Read more about mixed methods studies in economics:
- Qualitative and mixed‐methods research in economics: surprising growth, promising future by Starr, from 2014.
- Mixed-methods research: What’s in it for economists? by Jefferson, Austen, Sharp, Ong, Lewin, & Adams, from 2014.
- Multiple and mixed methods research for economics by Cronin in the Handbook of Research Methods and Applications in Heterodox Economics, from 2016.
- Qualitative and mixed research methods in economics: the added value when using qualitative research methods by Jemna, from 2016.
- An introduction to mixed methods research in agricultural economics: The example of farm investment in Ontario’s Greenbelt, Canada by Akimowicz, Vyn, Cummings, & Landman, from 2018.
- Mixed-method approaches to strengthen economic evaluations in implementation research by Dopp, Mundey, Beasley, Silovsky, & Eisenberg, from 2019.
There are a number of different ways in which qualitative and quantitative methods can be combined in studies. Below we shortly describe the main research designs in the literature (see the figure below).
First, there are two sequential research designs in which one set of methods is followed by another set of methods in the study. If the qualitative research precedes the quantitative research, it is generally called an exploratory design. This is because it starts with an open-ended qualitative phase followed by a quantitative assessment and in doing so allows researchers to explore new issues and themes. The exploratory design is often used to develop new measurement instruments, test and generalize qualitative findings in a quantitative manner.

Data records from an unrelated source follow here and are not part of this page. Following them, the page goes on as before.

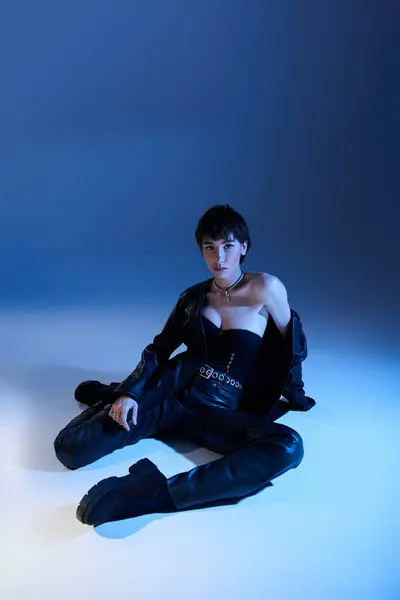 A beautiful young woman poses actively in stunning black leather attire. — Stock Photo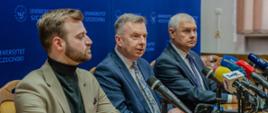 Minister Wieczorek i dwóch mężczyzn w garniturach siedzą za drewnianym stołem, za nimi niebieska ścianka z napisem Uniwersytet Szczeciński.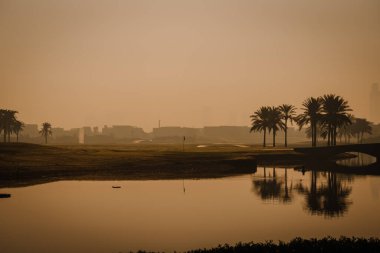 Dubai, Birleşik Arap Emirlikleri - 13 Ocak 2026: Güneşin doğuşunda golf sahasında palmiye ağaçları ve arka planda bir şehir silüeti bulunan yansıtıcı bir su kütlesi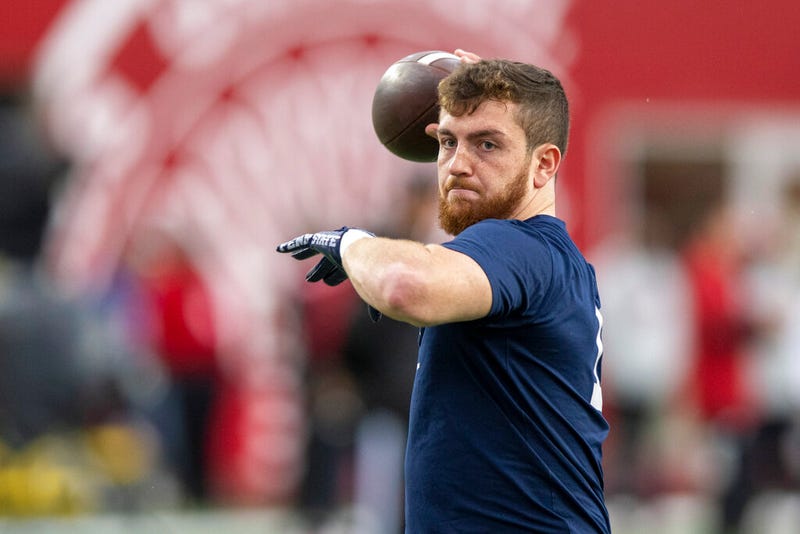 Penn State quarterback Sean Clifford (14) warms up before an NCAA college football game against Indiana, Saturday, Nov. 5, 2022, in Bloomington, Ind. (AP Photo/Doug McSchooler)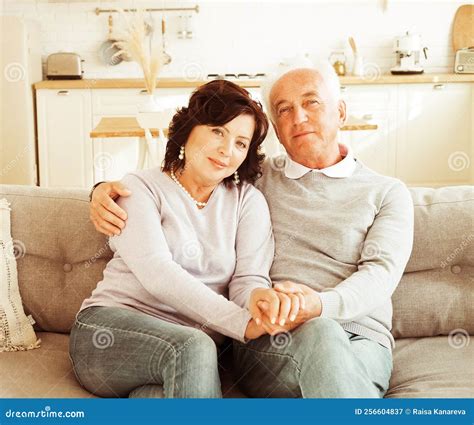 Mature Year Old Couple Hugging While Sitting On Sofa Love Forever Stock Image Image Of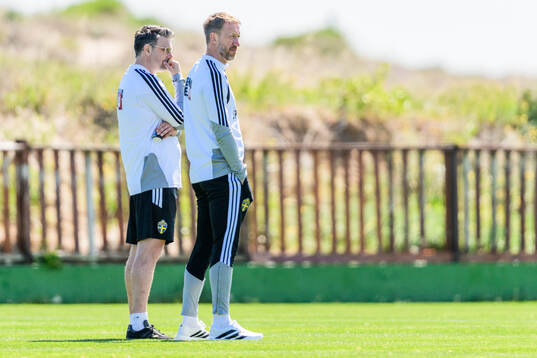 Sports psychologist Daniel Ekvall and head coach Graham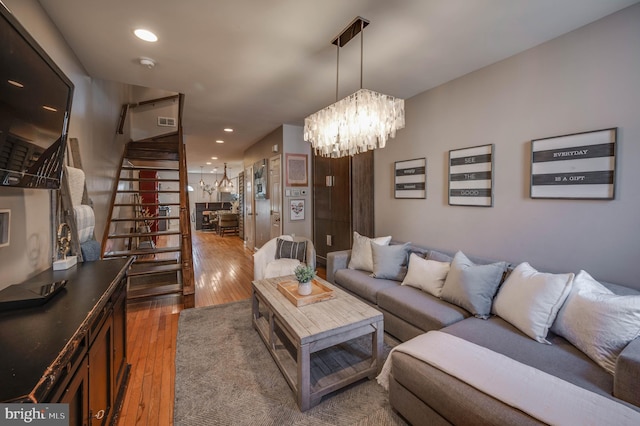 living room with dark hardwood / wood-style floors and a notable chandelier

The other sequential research design is explanatory as it starts with quantitative research and subsequently used qualitative research to further explain and contextualize the findings. Based on the quantitative results, interesting cases, which can be outliers, typical, contrasting, or random cases, are selected to be further investigated qualitatively.
Secondly, there are concurrent, or convergent, research designs in which qualitative and quantitative methods are applied in parallel to each other. Often this design is used to triangulate or complement findings. By analysing a topic both qualitatively and quantitatively at the same time, researchers can compare whether the different methods come to the same conclusions or whether they bring out different things.
Thirdly, there are the embedded, or nested, research designs, which can be concurrent or sequential. In embedded designs, there is one dominant method in which another method is embedded to support the dominant method. In this way, a deeper and broader understanding of the topic can arise and the weaknesses of the dominant method can be offset. A prominent way of doing this is, for example, to have as dominant method a quantitative experiment and have as supportive method interviews. In doing so, the interviews can help by providing more detailed, open-ended and rich information about the processes that happen during an experiment.